Now we do expect the occasional
incorrectly recognized thing. But
there will be a whole dimension of this project, which is to incorporate temporal continuity, and
that is something we just have not
gotten into yet. Here
is another good example. The Tide box has become our poster child for this project, because it is such a nice
product with attractive designs, good
nice solid color histogram. It
has got good SIFT features too. I will show this again for SIFT matching.
So that is the training image up there. This is an example of a test image down there. The
ROC curve is so good, you almost cannot see it. It is way up there in the top left corner. Here is
an Arm & Hammer box and
again it has a relatively good color
histogram; so it is doing pretty well.
Some bad examples, this
is real data, so
things happen that we do not want to happen. There is
a training image of a Skittles bags there. Well
in the convenient stores, Skittle
bags are at the very bottom of the shelf
and they are inside a cardboard
crate and
they are poorly lit. And
I was
the one capturing the data here
and I just pointed it down where the Skittle bags were and it was pretty dark.

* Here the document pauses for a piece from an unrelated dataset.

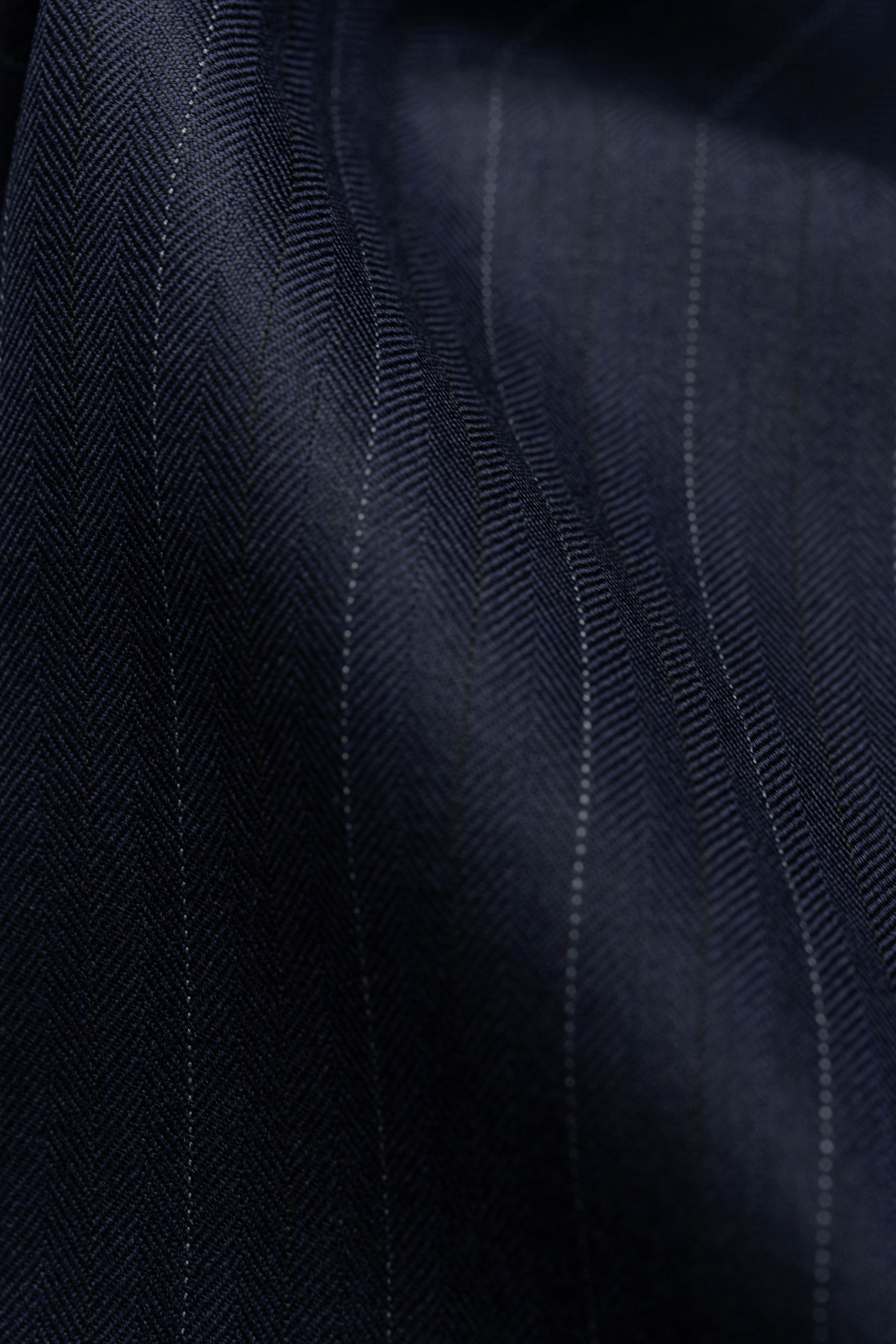 Dark Navy Herringbone Stripe Super 120's & Cashmere Suit Fabric (V23703)-3.1m - Yoo's Club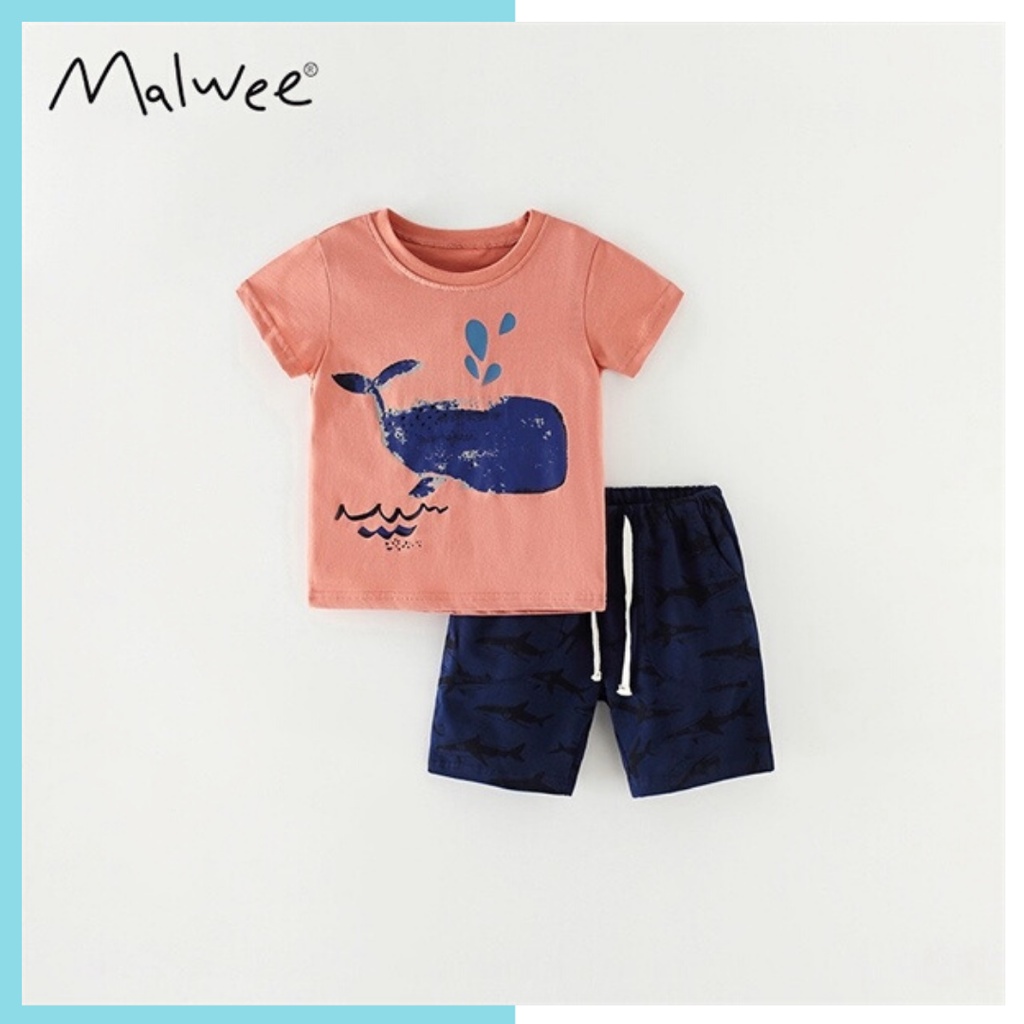Bộ hè cotton bé trai Malwee (2-8 tuổi) cá voi xanh MW7421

And you can hardly see anything there but if you look very closer, if do you gamma correction you actually see some Skittles
writing there.
Okay, and this was a legitimately cropped region that McCauley outlined
and it just does not work. Okay
but that is real; you look in the data, that type of thing
happen. You could argue it should be solved using better elimination, but that is
a fact of life. We set this
project up. That
is the kind of thing that is going to happen and
needs to be solved
somehow. Here
is a Dove. I think this is antiperspirant. So
again we have an illumination problem and if you look closely
that product because this is a small convenience
store, a lot of products are actually turned to
the side a little bit just to fit more stuff on the shelf. So,
in terms
of color histograms, besides
the couple of problems, so much of
it is white that it tends to get confused with other things. But the one distinct part, which would be cap was so dark that it did get a good
enough match. Yes. Have you considered putting illumination in the
Mozi box itself so that you have more control
of it? We have and as
a result of this first data pass, we did two things. One, we decided we wanted to put
an array of
LED's around the
front of the
device, and the other was to put a polarizer on
the lens, because with the potato chip bags, the glare was
usually the
most salient features that we extracted from the potato chips, were
erroneous. They
were just caused by reflection and when we put the polarizer on it, it fixed that.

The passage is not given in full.